NASA’s X-59 experimental aircraft is unique – it’s designed to fly faster than the speed of sound, but without causing a loud sonic boom. To confirm the X-59’s ability to fly supersonic while only producing quiet sonic “thumps,” NASA needs to be able to record these sounds from the ground. The agency recently completed tests aimed at understanding equipment and procedures needed to make those recordings.
NASA’s Carpet Determination In Entirety Measurements (CarpetDIEM) flights examined the quality and ruggedness of a new generation of ground recording systems, focusing on how to deploy the systems for X-59 testing, and retrieve the data they collect. In all, researchers set up 10 microphone stations over a 30-mile stretch of desert near NASA’s Armstrong Flight Research Center in Edwards, California.
“We’re trying to answer questions like how many people does it take to go out and service these instruments on a daily basis, how to get the data back, how many vehicles are needed – all those sorts of things on how we operate,” said Dr. Forrest Carpenter, principal investigator for the third flight series, known as CarpetDIEM III. “We’re kind of learning how to dance now so that when we get to the big dance, we’re ready to go.”
The X-59 itself is not yet flying, so using an F-15 and an F-18 from NASA Armstrong, the CarpetDIEM III testing involved 20 supersonic passes with speeds ranging from Mach 1.15 to Mach 1.4, at altitudes ranging from 40,000 to 53,000 feet. Three of the passes involved an F-18 conducting a special inverted dive maneuver to simulate a quiet sonic boom, with one getting as quiet as 67 perceived level decibels, a measure of the perceived noisiness of the jet for an observer on the ground.
“We expect the X-59 sonic thump to be as low as about 75 perceived loudness decibels,” said Larry Cliatt, sub-project manager for the Quesst acoustic validation phase. “That is a lot quieter than the Concorde, which was over 100 perceived loudness decibels.”

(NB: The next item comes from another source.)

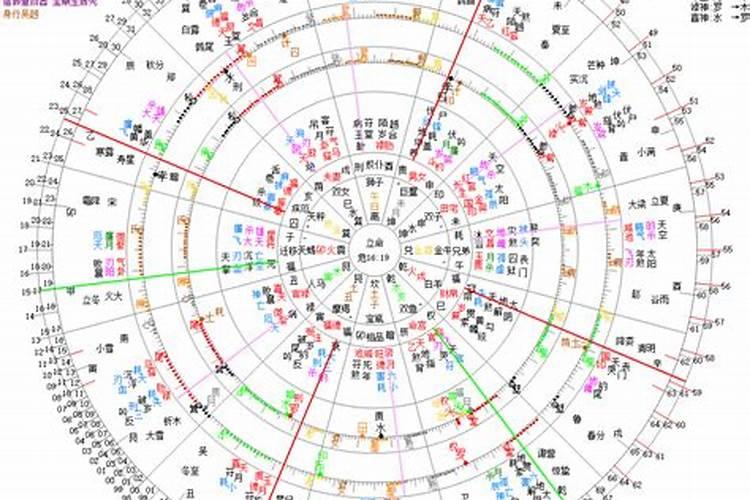 2026年犯太岁的5个生肖,需要注意什么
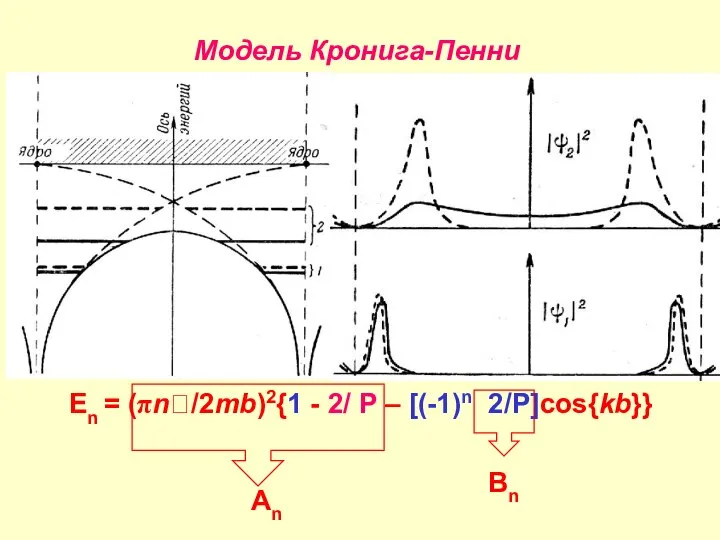 Модель Кронига-Пенни bα = πn + o(bα) o(bα) = -[ πn/P](1+(-1)n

In order to measure these very quiet sonic thumps, the ground recording systems used in the CarpetDIEM flights were calibrated to measure as low as about 50 perceived loudness decibels – the equivalent to being in the room with a running refrigerator.
CarpetDIEM III also validated the use of Automatic Dependent Surveillance-Broadcast, an existing technology flown on all commercial aircraft and most private aircraft to report speed and position. This system triggers the ground recording systems to begin recording.
“We can’t have 70 different people at every single instrumentation box,” Cliatt said. “We had to find a way to automate that process.”
The recording systems are designed to withstand the desert elements, the extreme heat of summer and the cold of winter, and to be resistant to damage from wildlife, such as chewing by rodents, coyotes, and foxes.
“When we get to Phase 2 of the Quesst mission, we expect to be doing these recordings of sonic thumps for up to nine months,” Cliatt said. “We need to be able to have instrumentation and operations that can facilitate such a long deployment.”
Another lesson learned – setup time for the recording stations was just under an hour, compared to the anticipated 2 1/2 hours. Given the performance of the systems, the team will assess whether they need to visit all the sites every day of Phase 2 testing.
The team also learned about the coordination and documentation processes needed for such research, both with internal organizations, such as NASA Armstrong’s Environmental and Safety offices, and with outside parties including:
- The U.S. Bureau of Land Management, which gave approval to use public lands for the testing
- Law enforcement, which helped secure the test site
- The Federal Aviation Administration, which gave approval for NASA jets to fly outside the Edwards Air Force Base restricted airspace in order to conduct a portion of the CarpetDIEM tests
To prepare for Quesst Phase 2, researchers expect to conduct practice sessions in 2024, incorporating all the lessons learned and best practices from all three phases of CarpetDIEM.